Als er langsam sieben der acht Taschen durchsucht und ihren Inhalt voll ausgekostet hatte, war es 19.15 Uhr, und Billy war in euphorischer Stimmung. Sein Atem ging schnell, und hin und wieder überliefen ihn ekstatische Schauer. Sein Haar wirkte jetzt noch fettiger als sonst, denn es war feucht von Schweiß und hing strähnig herab. Schweißperlen schimmerten auch auf seinem Gesicht. Er hatte nicht einmal bemerkt, daß er die offene Packung Doritos vom Küchentisch gestoßen hatte, und in der zweiten Dose Budweiser, die er zwar geöffnet, dann aber ganz vergessen hatte, wurde das Bier warm. Billys Welt war auf die Ausmaße einer Damenhandtasche zusammengeschrumpft.

Er hatte sich die Tasche der verrückten Alten bis zuletzt aufgehoben, weil er glaubte, daß in ihr der größte Schatz dieses Tages verborgen war.

Es war eine große Tasche aus weichem schwarzem Leder, fast schon eine Mappe, mit langen Riemen und einem einzigen Fach, dessen Reißverschluß geschlossen war. Billy zog sie zu sich heran und schob den Moment, da er sie endlich öffnen würde, absichtlich noch etwas heraus, um die Spannung zu erhöhen.

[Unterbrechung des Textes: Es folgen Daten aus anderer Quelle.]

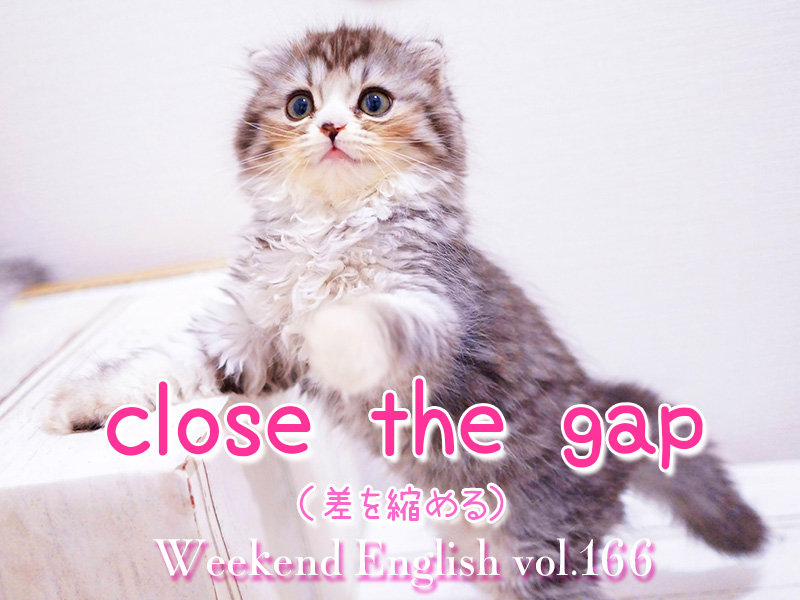 週末英語（weekend english）close the gap：差を縮める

Er dachte an den heftigen Widerstand der Alten, die ihre Tasche so fest umklammert hielt, daß er schon gedacht hatte, er würde sein Klappmesser zücken und zustechen müssen. Er hatte das schon bei mehreren Frauen getan, und er wußte, daß es ihm Spaß machte, sie zu verletzen.

Genau darin bestand das Problem. Billy war intelligent genug, um zu erkennen, daß seine Vorliebe für Messerspiele ihm gefährlich werden konnte, daß er es sich nicht erlauben durfte, aus reiner Lust Menschen zu verletzen. Gewaltanwendung mußte sich auf absolute Notfälle beschränken, denn wenn er sein Messer zu oft benutzte, würde er nicht mehr damit aufhören können - und dann wäre er verloren. Die Polizei verschwendete keine große Energie auf die Suche nach Handtaschenräubern, aber ein Messerstecher würde gnadenlos gejagt werden.

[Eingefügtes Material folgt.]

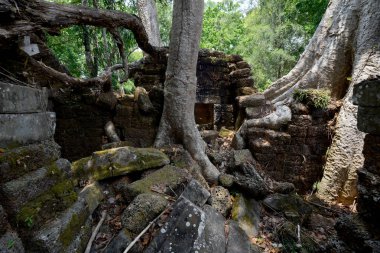 Kamboçya Siem Reap, Nisan 2014: Temple of Ta Prohm Tapınağı şehir Angkor Kamboçya Batı yakınındaki Siem Reap şehir içinde.   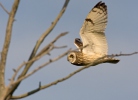 Lechuza Campestre Mussol emigrant Zingira-hontza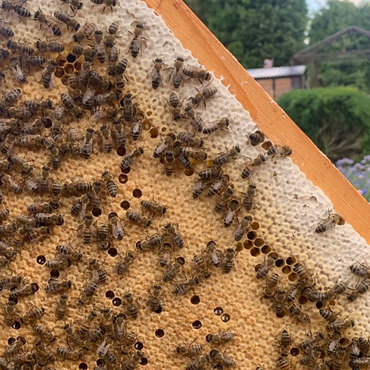 Productthumb bienenwabe von imker martin orthmann in der heide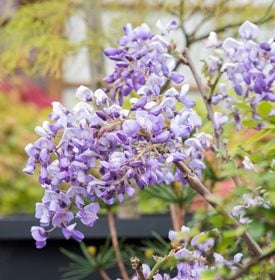 Purple Metallic Blossom Creeper from TUK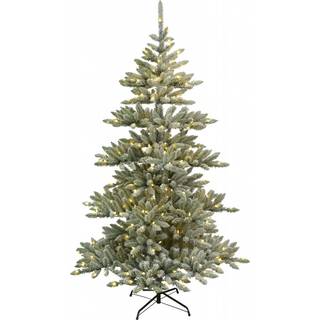 Star Trading - Arvika 210cm - Juletræ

Deshalb hatte er sein Messer seit mehreren Monaten nicht verwendet. Diese bewundernswerte Selbstbeherrschung hätte ihm seiner Ansicht nach eigentlich jedes Recht zu einer kleinen Freude gegeben, und es hätte ihm einen enormen Genuß bereitet, sein Messer in das welke Fleisch der Alten zu rammen. Er fragte sich jetzt, warum er das nicht getan hatte, sobald sie ihm Schwierigkeiten bereitet hatte.

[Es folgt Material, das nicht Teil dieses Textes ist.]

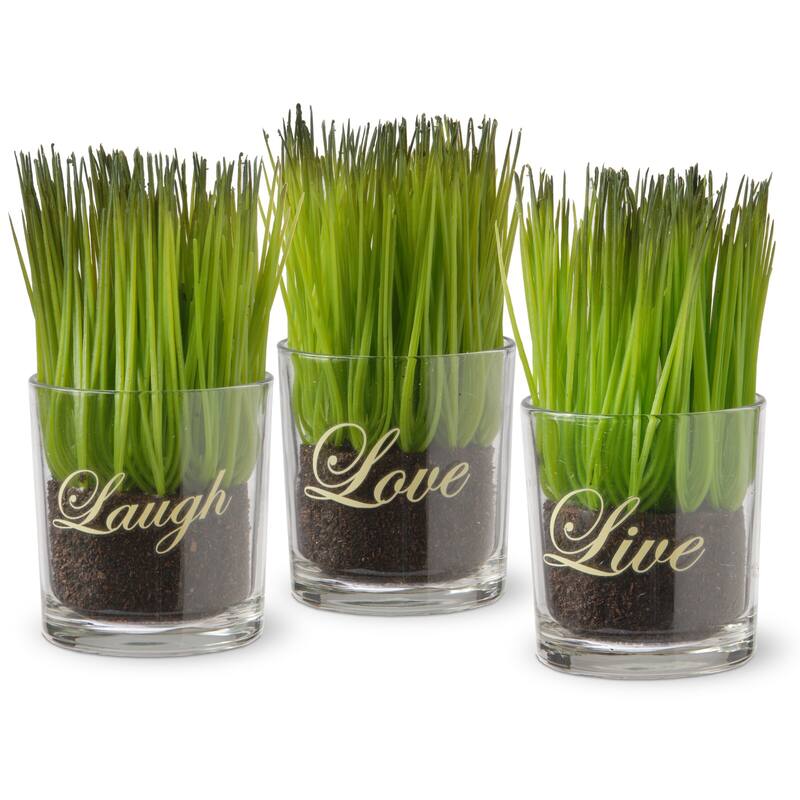 National Tree Company Copper Grove Machmell Printed 'Live, Laugh, Love' Glass Pots with Artificial Grass (Set of 3) - Green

Daß sie ihm kurzfristig Angst eingejagt hatte, daß sie vorübergehend nicht wie ein Mensch, sondern wie ein Raubvogel mit gefährlichen Klauen anstelle der knochigen Hände ausgesehen hatte, daß ihre Augen Blitze geschleudert hatten - das alles hatte er total verdrängt. Demütigende Erinnerungen wären für einen Macho - und er hielt sich selbst für einen Macho - unerträglich gewesen.

Immer mehr davon überzeugt, daß er in der Tasche einen erstaunlichen Schatz finden würde, strich er mit beiden Händen über das Leder und drückte leicht darauf. Die Tasche war so vollgestopft, daß sie aus den Nähten zu platzen drohte, und Billy bildete sich ein, Bündel von Banknoten zu ertasten -bestimmt lauter Hundert-Dollar-Scheine ...

Sein Herz klopfte zum Zerspringen.

Er öffnete den Reißverschluß, warf einen Blick in die Tasche und runzelte die Stirn.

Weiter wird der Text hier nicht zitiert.